_What the exercise asks:_
Only the pictures are to be dropped; return all other data below exactly.

_Data:_
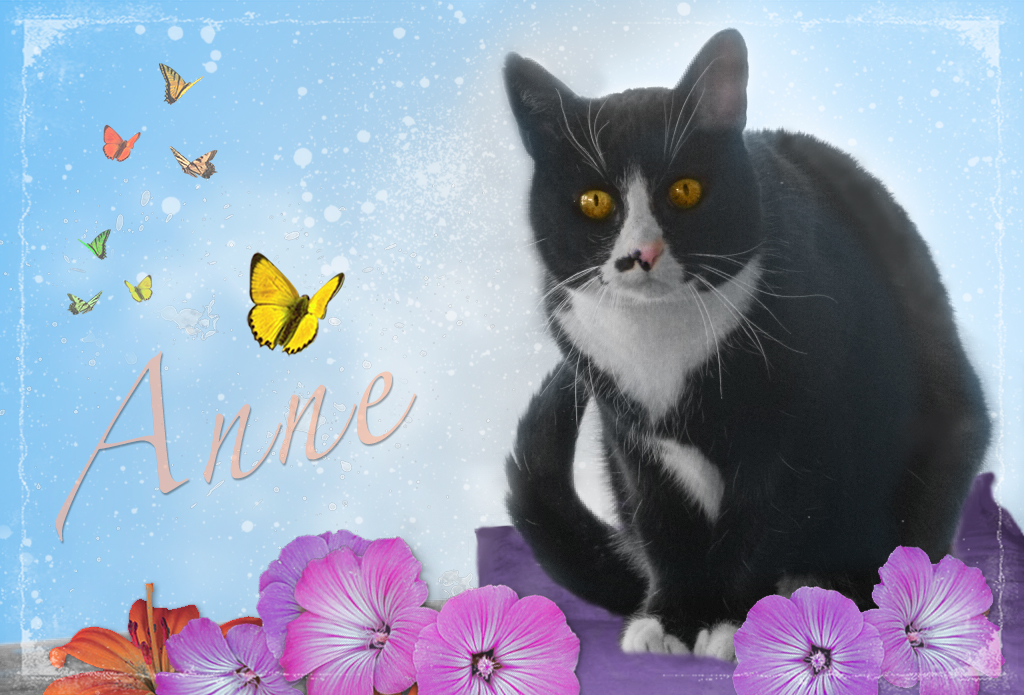 anne-katze-auf-kissen.jpg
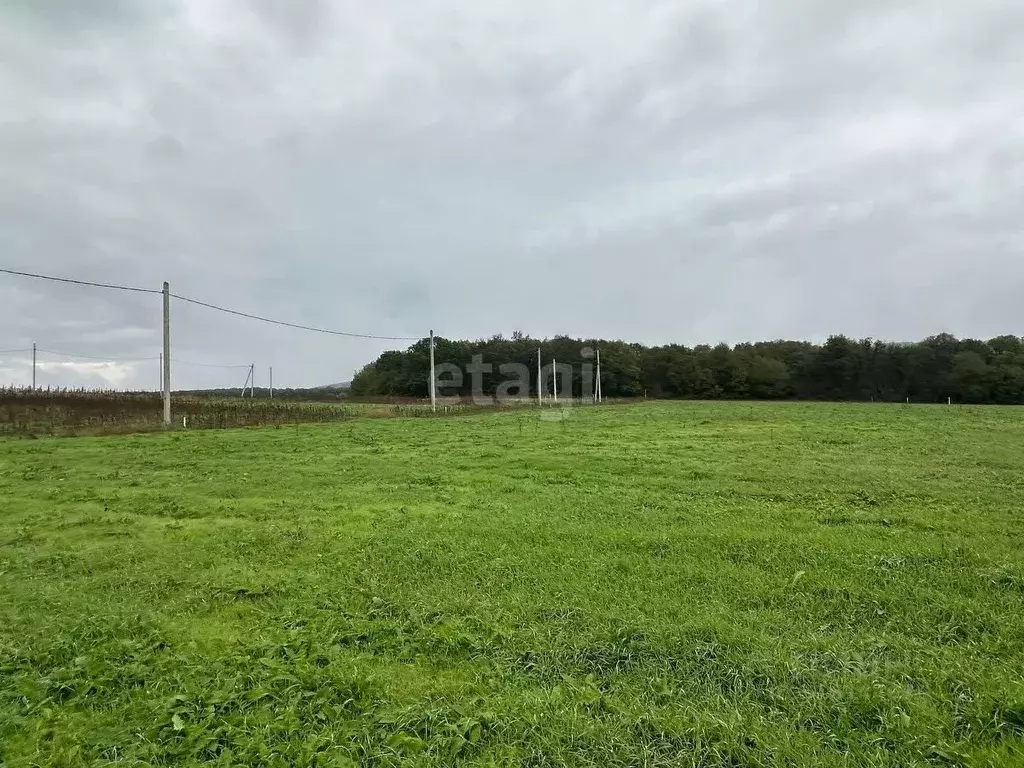Участок в Краснодарский край, Новороссийск городской округ, ... - Фото 0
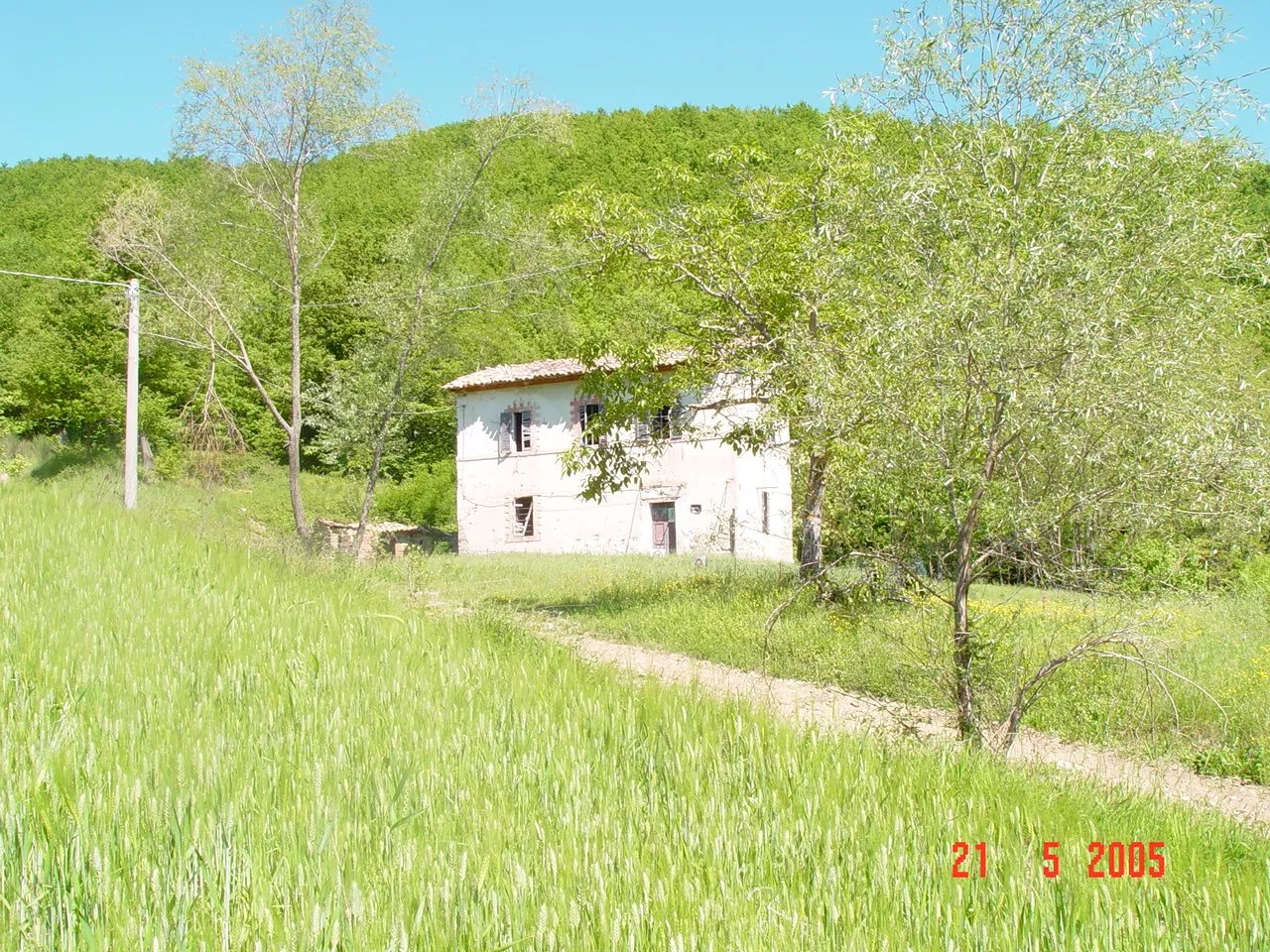 immagine annuncio 3 di 10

_Solution for this task:_
 anne-katze-auf-kissen.jpg
Участок в Краснодарский край, Новороссийск городской округ, ... - Фото 0
 immagine annuncio 3 di 10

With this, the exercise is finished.